These waves are slowly amplified as they move downstream until they may eventually grow large enough that nonlinearities take over and the flow transitions to turbulence.
These waves, originally discovered by Ludwig Prandtl, were further studied by two of his former students, Walter Tollmien and Hermann Schlichting after whom the phenomenon is named.
The longitudinally stretched vortices begin a cascading breakdown into smaller units, until the relevant frequencies and wave numbers are approaching randomness.
Then in this diffusively fluctuating state, intense local changes occur at random times and locations in the shear layer near the wall.
Tollmien (1931)[2] and Schlichting (1929)[3] theorized that viscosity-induced grabbing and releasing of laminae created long-crested simple harmonic (SH) oscillations (vibrations) along a smooth flat boundary, at a flow rate approaching the onset of turbulence.
These T-S waves would gradually increase in amplitude until they broke up into the vortices, noise and high resistance that characterize turbulent flow.
In 1943, Schubauer and Skramstad (S and S)[4] created a wind tunnel that went to extremes to damp mechanical vibrations and sounds that might affect the airflow studies along a smooth flat plate.

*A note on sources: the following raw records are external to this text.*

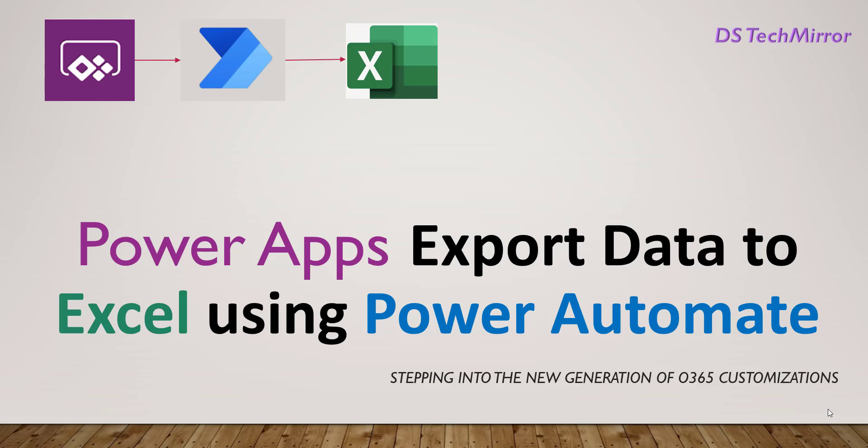Hello friends. Welcome back to our YouTube channel TAS Tech Mirror. In today's video, I will cover how to export data to Excel using Power Automate. As I said in my previous video, I will be making three videos to add data to Excel. In my previous video, I had covered how to copy data to CSV. In today's video, I will cover how to add data to Excel in XLSX format.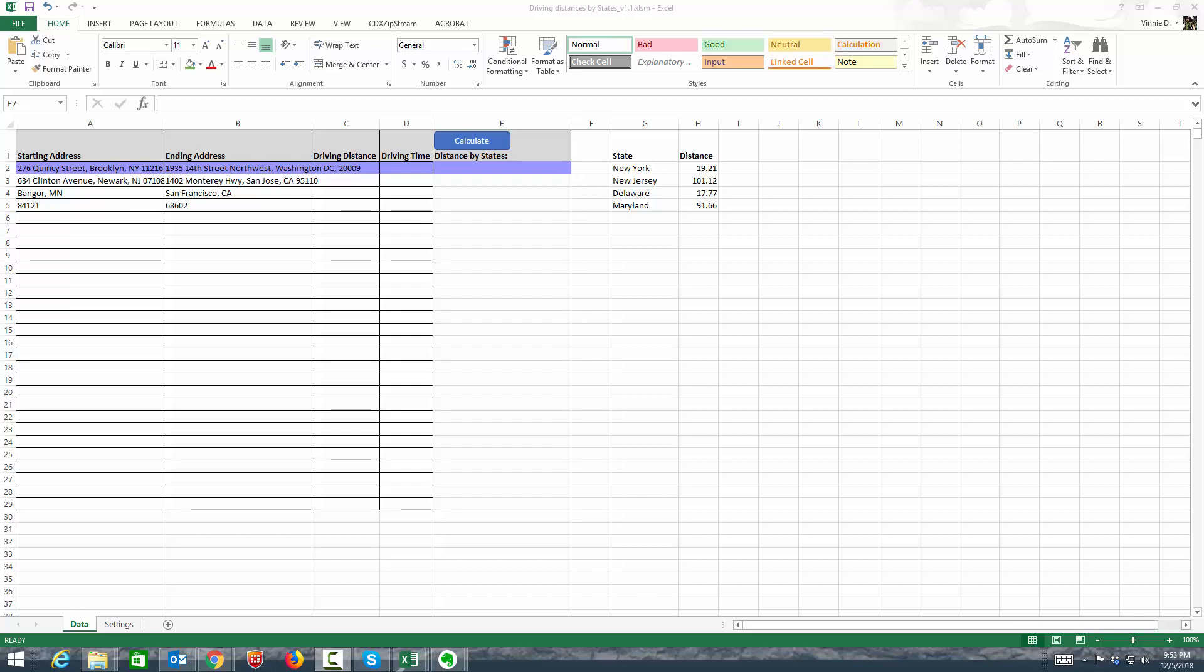Hi everybody, this is Vinny with GS Software and let me show you my latest and greatest tool.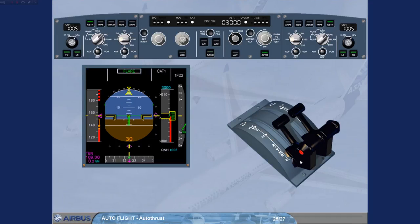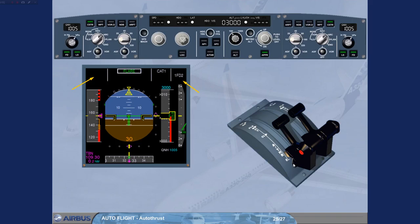Thrust levers are now set to idle. This turns the autothrust off. Note that on the FMA, the white autothrust indication is no longer displayed. The FMA autothrust column is blank.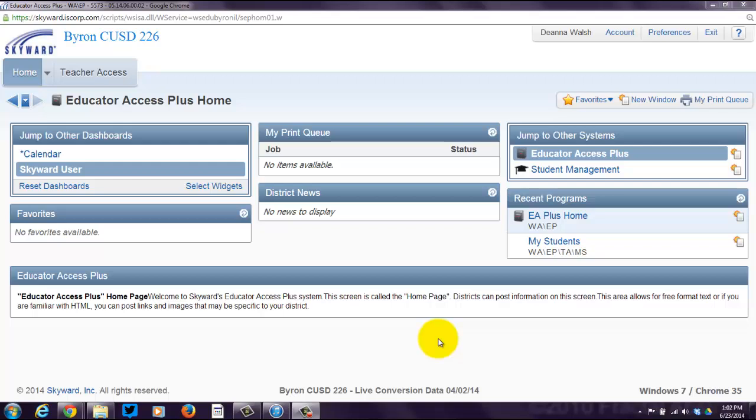We're going to talk about attendance and all things attendance in this screencast. You need to log in to your Skyward gradebook using that unique Skyward gradebook link and login ID that you were given. I'm already logged in, so here's my home screen. Welcome to my home screen.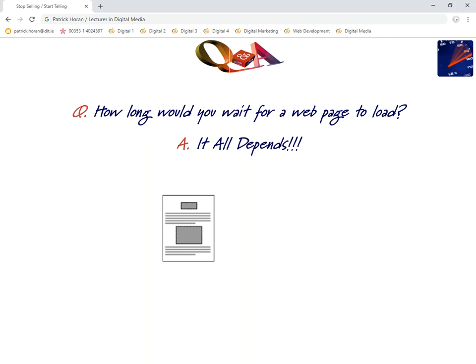How long you would wait also depends on what's on the page and whether it's available somewhere else. If a page came up with only one search result, you'd probably wait a while for it to load. But if there were hundreds of thousands of results, you'd just hit the back button and move to the next link. So why is this an important question at the very beginning of a web development course? All of these things — content, layout, users, audience, connectivity, software, hardware, browsers, location, and language — all have to be taken into consideration.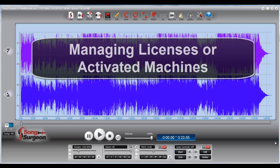This week's video tip is on the management of the licensed, activated machines in your account.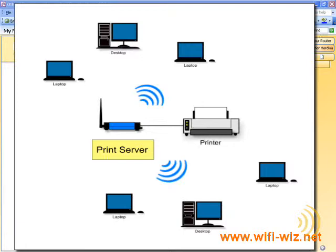Instead of having everyone fight over the printer PC, you can now have a centrally located printer that everyone can access.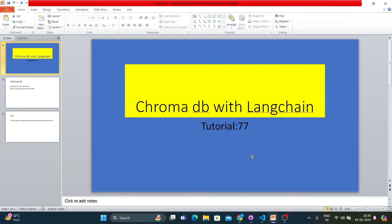What's up guys, this is Ronnie, welcome back to our channel Total Technology Zone. This is tutorial 77. In this tutorial I'll be talking about how to use ChromaDB with LangChain.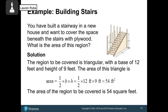Another application: you've built a stairway and want to cover the space beneath it with plywood. The region is the shape of a triangle with a base of 12 feet and a height of 9 feet. Area = ½ × base × height = ½ × 12 × 9. Half of 12 is 6, and 6 times 9 is 54 square feet.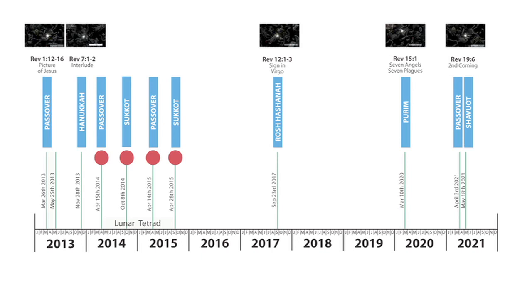That lasts from Passover 2021, which is March the 28th to April the 3rd, and they stay there until Shavuot, which is May the 17th, 18th.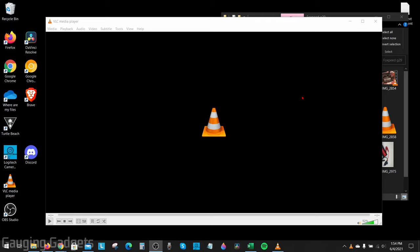Welcome to another Gauging Gadgets VLC Media Player tutorial video. In this video, I'm going to show you how to compress large video files very easily with VLC.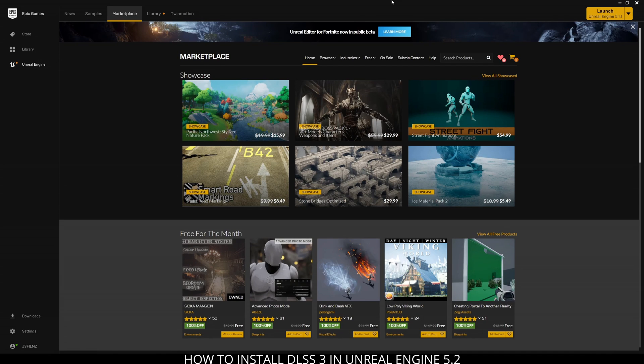Hey what's going on y'all, Jay from JS Films. In this video I'm going to teach you how to install the new DLSS 3 in Unreal Engine 5.2. So that being said, go ahead and launch your Epic Games launcher.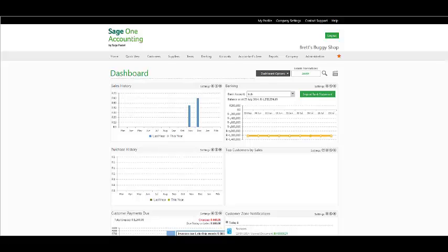Good day ladies and gentlemen and welcome to the SageOne Accounting Webinar. The topic that will be handled in this webinar is the General Ledger Accounts. Just some formalities before we get started.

Schubauer and Skramstad overlooked the significance of the co-generation of transverse SH sound by the T-S waves in transition and turbulence.
However, John Tyndall (1867) in his transition-to-turbulence flow studies using flames,[5] deduced that SH waves were created during transition by viscosity acting around the walls of a tube and these could be amplified by blending with similar SH sound waves (from a whistle), triggering turbulence at lower flow rates.